_WHAT TO PRODUCE_
Which lines run from the one with "4 pcs handmade" through the end of the data? Retype them exactly, without pictures.

_STORED DATA_
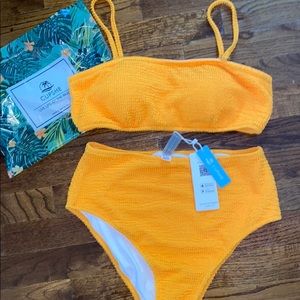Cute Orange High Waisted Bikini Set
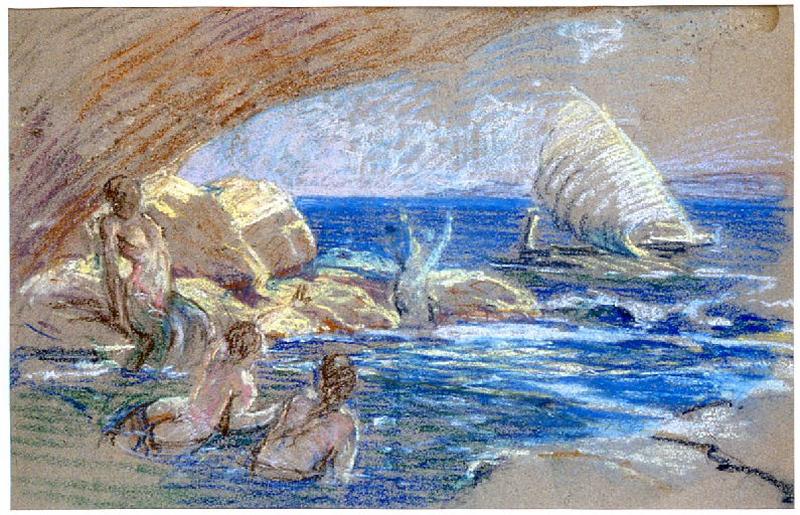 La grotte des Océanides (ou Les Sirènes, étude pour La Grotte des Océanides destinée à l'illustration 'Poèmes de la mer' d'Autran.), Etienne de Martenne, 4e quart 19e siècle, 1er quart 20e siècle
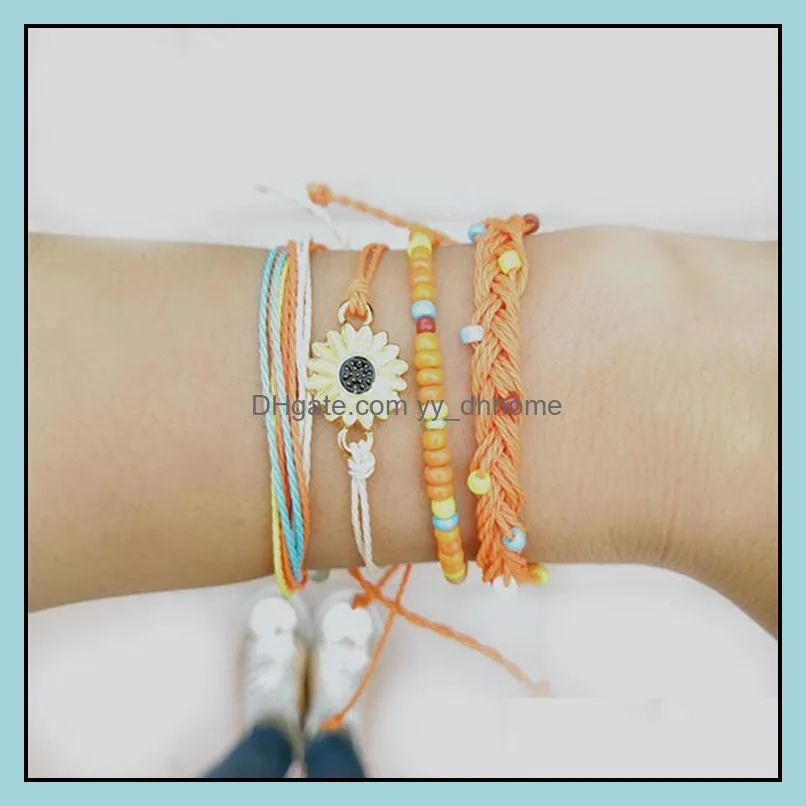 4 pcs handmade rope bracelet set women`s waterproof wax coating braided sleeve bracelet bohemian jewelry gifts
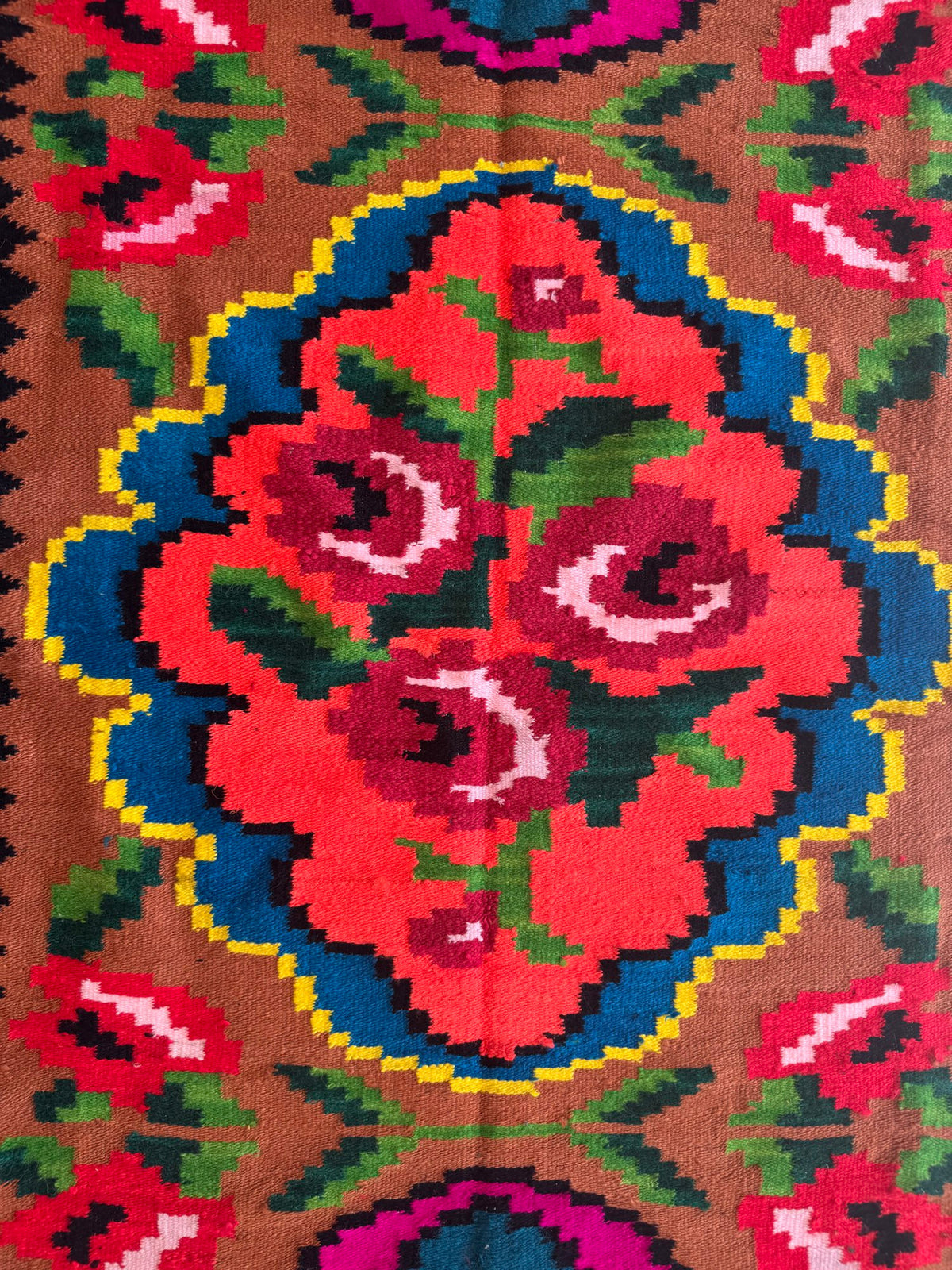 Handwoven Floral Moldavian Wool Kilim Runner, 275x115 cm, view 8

_ANSWER TO THIS PROBLEM_
 4 pcs handmade rope bracelet set women`s waterproof wax coating braided sleeve bracelet bohemian jewelry gifts
 Handwoven Floral Moldavian Wool Kilim Runner, 275x115 cm, view 8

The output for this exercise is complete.